Worse, is the reality of being offended, or breaking a rule, perhaps unclear, like "be nice."

We are each as offended as we think we are. There is no objective measure beyond coarse boundaries we find the hard way and those tend to propagate as norms. Interestingly, people will form clubs to avoid norms. See Reddit. Discord.

As I wrote earlier, and as a proponent of taking ownership of my conversations, I weigh speech and am difficult to offend and or angered by what basically rando people my tell me online.

When a clown calls you out as an ass, that is as laughable as it is low value. Who are they and what do they really know? Here is the insight hard won:

A good chuckle, coupled with a meaningful response that gives the clown an out to up their game is powerful and resonates in a community positive way.

Cries of righteous indignation also have power, but resonate in a community negative way.

The former meta has value and can yield insight and set strong norms community wide. Entertaining too.

The latter meta is low value, is a who is the bigger asshole type chat, and will set strong norms that offer future low value. Can be entertaining.

Negative entertainment is super easy because of how those play out.

The common thread here is meaning and how we come to know our minds and those of others through ambiguity. Text is pretty terrible. Understanding intent is difficult.

Norms are used here to great effect. There are a list of rules and I confess to not reading them. I do not have to. The norms here are very clear, and consequences generally scaled to feedback, but not harm, or be expensive.

So people can explore a little and find their way with few worries.

Here is an observation:

Moderate on value.

A troll, for example, can obtain high value for a very low investment in many places.

One post can get thousands involved and the troll is entertained for a song.
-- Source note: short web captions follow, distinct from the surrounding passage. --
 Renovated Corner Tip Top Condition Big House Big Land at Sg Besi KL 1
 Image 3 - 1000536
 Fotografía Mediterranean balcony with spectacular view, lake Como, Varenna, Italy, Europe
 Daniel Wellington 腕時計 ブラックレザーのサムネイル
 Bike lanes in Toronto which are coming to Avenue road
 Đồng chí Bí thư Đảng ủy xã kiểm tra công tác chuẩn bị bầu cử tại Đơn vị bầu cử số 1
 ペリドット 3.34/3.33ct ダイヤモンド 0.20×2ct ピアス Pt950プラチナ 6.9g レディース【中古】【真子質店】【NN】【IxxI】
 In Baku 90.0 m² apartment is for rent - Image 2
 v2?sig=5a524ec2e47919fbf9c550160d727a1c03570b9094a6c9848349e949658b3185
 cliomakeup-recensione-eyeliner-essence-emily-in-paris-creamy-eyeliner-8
To the community, that one post was expensive!

So what to do?

I, with some others, employed the concept of value and norms to pretty great effect.
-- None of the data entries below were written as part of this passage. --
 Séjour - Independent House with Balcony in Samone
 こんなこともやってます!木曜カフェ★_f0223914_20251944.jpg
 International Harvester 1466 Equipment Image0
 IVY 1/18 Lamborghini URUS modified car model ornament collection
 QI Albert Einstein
We required toxic people to include a benign phrase in their posts, which were otherwise allowed.

They hated that, but also talked about it. The norms were to help people add value, not be toxic.

It also inverted the entertainment. Suddenly the troll was not entertained and many members were!
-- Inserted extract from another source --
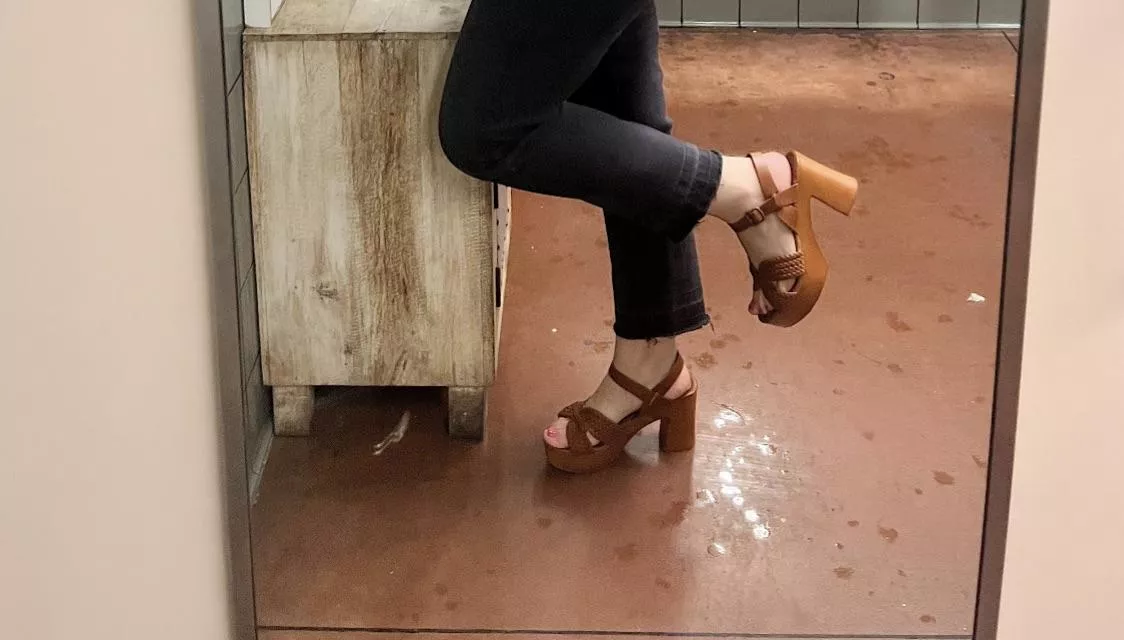 Are chunky heels cute?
If it escalates, then deny them 4 letter words. Five, three, less? More? Ok. Just no 4 letter ones.

And so on.

With the right norms, a group very quickly becomes inoculated against the worst, yet can still converse and ideally gain a member in good standing.

The concept was simple: they paid a tax when their contributions cost the community more than they were worth.

The moment they end that practice, no more tax!

This kind of thing works best when a significant body of members knows how to own their conversation. They know to laugh, or advise one to reconsider and know when to avoid pages of righteous indignation and or who is the bigger asshole.

Sidebar: all members of a conversation about who is the bigger asshole deserve that conversation. (Very strong norm to establish there)

Sorry, but my ramble does get back to your tweaks:

Rather than upvote/downvote on agreement, do so on value.

Any system that can collect value may also have resonant higher order effects and I will leave you with the idea of healthy resonance, that is appropriately damped as "the center" you seek.

Undamped resonance is an echo chamber.

No resonance is a support forum.

Here we see things resonate, but not as one thing, more like chords, somewhat harmonious, not discordant.

Simple up and down, coupled with norms can do that. And one secret here is the non obvious dampening.

High value resonant speech happens and is encouraged. Discordant things are not denied, just nudged away.

I personally never downvote. It is not needed. I like flag to get at speech with toxicity potential, but my own bar is high.

I also like vouch. Same reasons.

These hint at ways to communicate value and I very strongly suggest value is where the better systems exist, if they do exist apart from skilled humans who, unlike machines, can deal in meaning and come to know minds.